Namun menurutnya nilai tukar rupiah terhadap dolar tak bakal tertekan hingga lebih dari angka Rp 14.000. Pasalnya, kondisi fundamental ekonomi dalam negeri dianggap cukup kuat menahan gempuran sentimen kebijakan penaikan suku bunga yang akan dilakukan Amerika Serikat (AS).

"Jadi harusnya nothing to worry. Tapi memang kondisinya masih menekan kita. Ekspektasi kami sih tak lebih dari di kisaran Rp 13.900-an lah. Jangan sampai lewat dari Rp 14.000," ucapnya.

"Jadi menurut saya, kalau masyarakat mau jual dolar, ya bagusnya jual sekarang. Karena dengan jual dolar sekarang membantu pemerintah meningkatkan valuasi rupiah terhadap dolar," pungkasnya.


Para analis sempat memprediksi, terpilihnya Joko Widodo (Jokowi) saat pemilu Presiden pada 2014 silam bisa memicu menguatnya nilai tukar (kurs) rupiah hingga ke level Rp 10.000 per US$. Namun hingga saat ini, prediksi tersebut tak kunjung terealisasi bahkan malah melemah hingga ke kisaran Rp 13.700-an.

Kepala Riset Ekuator Swarna Sekuritas David Sutyanto mengatakan, prediksi tersebut tak bisa terealisasi lantaran cateris peribus atau asumsi ekonomi yang dilakukan ekonom terbantahkan lantaran sejumlah asumsi yang diprediksi tetap sama malah berubah.

"Itu kan kita berikan klaim istilahnya cateris paribus, yaitu dengan anggapan variabel lain tidak berubah.
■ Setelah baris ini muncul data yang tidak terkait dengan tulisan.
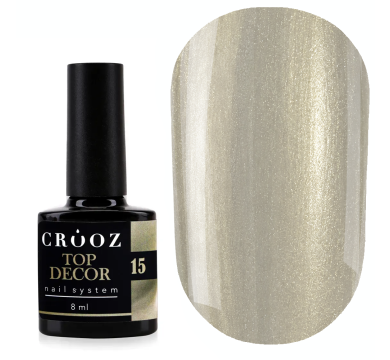 Топ кошачий глаз Crooz Tор Decor №15, без липкого слоя, оливковый, 8 мл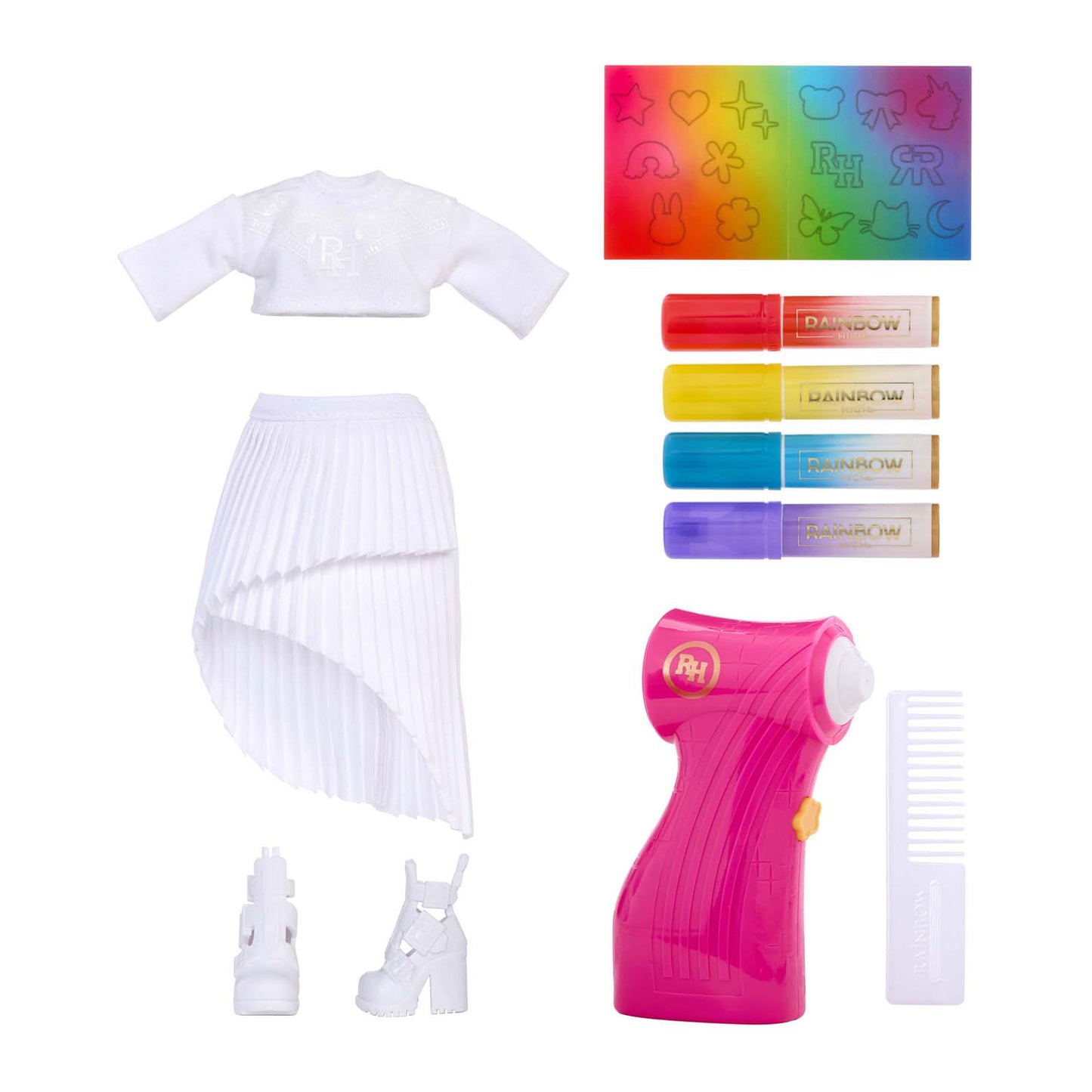Rainbow high air brush create-modepoppen - paarse ogen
Unexpected-nya (yang tidak diharapkan) kan yang terjadi, Donald Trump (jadi Presiden AS) dan the Fed jadi agresif. Itu yang menyebabkan target-target para analis kemarin itu tidak tercapai," katanya.

Dengan kondisi global yang dinamis seperti sekarang ini, David bilang akan sangat kecil kemungkinannya prediksi nilai tukar dolar bisa menyentuh angka Rp 10.000. Sentimen terbesar yang mempengaruhi nilai tukar rupiah terhadap dolar adalah kebijakan ekonomi AS yang saat ini sangat agresif di bawah kepemimpinan Donald Trump.

"Begitu Donald Trump naik saja itu (prediksi) sudah tidak berlaku. Karena waktu itu anggapannya kan yang jadi Presiden AS adalah yang seperti Obama yang kebijakannya cenderung pasif. Sekarang kan kebijakannya ekspansif sekali untuk ke luarnya," jelas David.

David sendiri beranggapan nilai tukar rupiah terhadap dolar bisa bertengger di kisaran Rp 11.000 jika kebijakan ekonomi AS tak seagresif saat ini. Namun dengan kondisi yang ada saat ini, menurutnya rupiah bisa bertahan di kisaran Rp 13.000 dalam kondisi stabil.

"Tapi dengan kondisinya seperti sekarang ini, kalau kondisi semua mata uang global lemah terhadap US, saya tidak mengharapkan rupiah menguat sendirian. Menjadi anomali. Mau tidak mau, rupiah harus sejalan dengan mata uang yang lain," katanya.

"Kalau menurut saya, rupiah bisa stabil di level 13.000-an itu masih terjaga. Itu karena rupiah sendiri ada catatan karena The Fed yang mau naikkan suku bunga, jadi capital outflow juga terjadi," pungkasnya.